Europe’s bid to commercialise fusion energy received a major boost on Tuesday after German startup Proxima Fusion announced a €411 million funding round, valuing the company at €2.4 billion and making it one of the best-funded fusion businesses on the continent.
The investment was led by XTX Ventures and East X Ventures, with strategic backing from Google and German energy giant RWE, alongside a syndicate of existing and new investors including KfW Capital, Germany’s Federal Agency for Disruptive Innovation (SPRIND), Plural, Balderton Capital, Lightspeed, and the European Innovation Council (EIC) Fund.
The latest raise brings Proxima’s total funding to more than €650 million, including €95 million in public grants, and provides the capital needed to develop Alpha, its planned net-energy stellarator demonstrator near Munich.

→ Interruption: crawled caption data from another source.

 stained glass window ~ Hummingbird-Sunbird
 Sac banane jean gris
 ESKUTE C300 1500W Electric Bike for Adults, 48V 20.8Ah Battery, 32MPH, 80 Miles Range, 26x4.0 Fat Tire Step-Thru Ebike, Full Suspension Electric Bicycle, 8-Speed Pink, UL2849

Founded as a spin-out from the Max Planck Institute for Plasma Physics, Proxima is developing fusion power plants based on stellarators, an alternative to the more widely pursued tokamak design. The company argues advances in high-temperature superconducting magnets and modern computing make stellarators a more practical route to commercial fusion than previously thought.
The funding follows an agreement signed earlier this year between Proxima, RWE, the Free State of Bavaria, and the Max Planck Institute to develop what they hope will become the first stellarator fusion power plant on the site of the former Gundremmingen nuclear power station.
Chief executive and co-founder Francesco Sciortino said the investment demonstrated Europe’s ability to compete in the global race to commercialise fusion technology.
“Europe is racing with the United States and China to get to the first fusion power plant,” he said. “Investors recognise both the urgency and the opportunity of what we’re doing.”
Proxima will use the fresh capital to finish its Alpha demonstrator, ramp up production of the superconducting magnets at the heart of its stellarator design, and add engineers and manufacturing staff across its sites in Munich, Oxford and Zurich.
Fusion remains years away from commercial deployment, but investors continue to pour billions into companies promising virtually limitless, carbon-free electricity if the longstanding scientific and engineering challenges can finally be overcome.